Gilbert Keith Chesterton (1874–1936) was a British writer and leading conservative intellectual, who never graduated from college but became an immensely popular and witty author. Some consider him to have been "the best writer of the 20th century. He said something about everything and he said it better than anybody else."[1] His pro-life The Babe Unborn is considered one of the finest short poems ever.
He is known for his fictional works such as the Father Brown stories, as well as for his non-fiction writings offering an intellectual defense of the Christian faith.
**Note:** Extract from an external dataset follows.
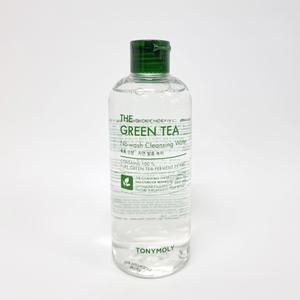 토니모리 더 촉촉 그린티 클렌징 워터 300ml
Along with his friend Hilaire Belloc he is best known as an exponent of a British variety of conservatism known as distributism, which opposed both socialism and large-scale capitalism, and supported a decentralized economy of small property owners and small-scale entrepreneurs. He was a leader in the fight against socialism.
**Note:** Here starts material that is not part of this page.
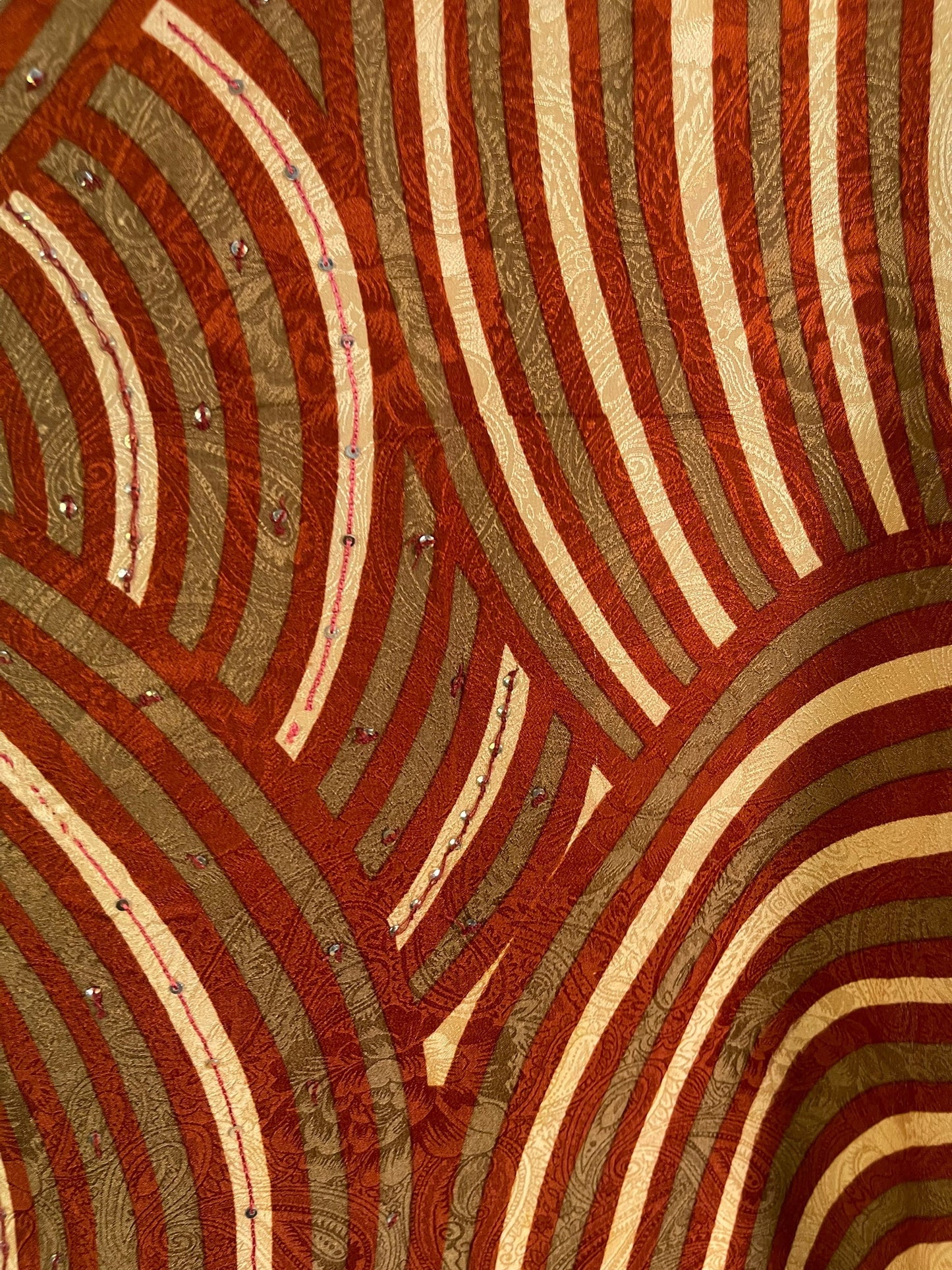 PRC6493 Avatar Pure Silk Side Slit Top - Velora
A prolific writer, he penned the equivalent of perhaps 100 books. He has been criticized for approaching nearly 100% of his use of masculine pronouns as opposed to feminine ones in some of his works.[2]
Chesterton was a long-time Anglo-Catholic, but was convinced by Belloc to convert to Catholicism.
His most influential Christian books include Orthodoxy, and What's Wrong With the World, which criticize modernist trends such as feminism and uphold the traditional Christian faith.
Chesterton was well known for his philosophical debates with renowned contemporaries such as Clarence Darrow, Bertrand Russell, George Bernard Shaw, and H.G. Wells. Of Shaw, with whom Chesterton could be said to have had a friendly rivalry and battle of wits, Chesterton once said:
"After belabouring a great many people for a great many years for being unprogressive, Mr. Shaw has discovered, with characteristic sense, that it is very doubtful whether any existing human being with two legs can be progressive at all. Having come to doubt whether humanity can be combined with progress, most people, easily pleased, would have elected to abandon progress and remain with humanity. Mr. Shaw, not being easily pleased, decides to throw over humanity with all its limitations and go in for progress for its own sake. If man, as we know him, is incapable of the philosophy of progress, Mr. Shaw asks, not for a new kind of philosophy, but for a new kind of man. It is rather as if a nurse had tried a rather bitter food for some years on a baby, and on discovering that it was not suitable, should not throw away the food and ask for a new food, but throw the baby out of window, and ask for a new baby." - Heretics, G.K.C.